Transfer knowledge faster next time. You’re going to have rounds of questions and answers as part of the onboarding anyway. Why not write some of them down along the way? Write it down as a FAQ section in the README file as you go, even. The next time a new colleague comes along, you’ll spend less time on their onboarding process.

Learn by teaching. When you document software, you are in effect teaching future readers. It’s well known in pedagogy that teaching what you are learning makes your own learning process more effective.

New people == fresh eyes. New people bring a fresh perspective. Having the new person help you describe your environment back to you will help you notice the broken windows again.

If you can’t describe it, I probably need to improve it. Helping a new colleague describe the architecture can be revealing. If this turns out to be hard to do, that might be a symptom that your project is messier than it should be. On some level you may be aware of the problems already, but drilling down into the problems during documentation can really drive it home. “Wow, this module is really tricky to describe. It does a bunch of things that don’t belong there. And it’s hard to change and maintain too, come to think of it…”
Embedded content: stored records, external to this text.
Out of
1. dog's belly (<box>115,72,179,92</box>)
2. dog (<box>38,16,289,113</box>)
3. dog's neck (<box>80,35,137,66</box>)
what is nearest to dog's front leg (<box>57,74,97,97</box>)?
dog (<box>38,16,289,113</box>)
Different people have different strengths. What is obvious to me may be new to you. And vice versa. Together we cover more bases. You might gloss over some steps, patterns or tools that “everyone knows” (I’ve certainly done that in my own documentation). If the new colleague has a different background and points out these non-obvious bits, this will be fixed. “Ok, maybe I should provide complete examples of these magic bash commands…”

Repeated editing improves ALL writing. The first draft of anything is usually crap. I’ve written documentation too quickly, or in a single sitting, and when I go back to those docs they’re barely readable. Multiple passes by several people will make your documentation more pleasant and useful for future readers. One of those readers may be yourself, years down the road.

Set a clear expectation from day one. Many of us procrastinate when it comes to documentation. Doing it up front when you come onboard makes “document early” more likely to be a part of the project culture. Well, maybe. One can hope. 🙂

Help each other leave the campsite cleaner than you found it!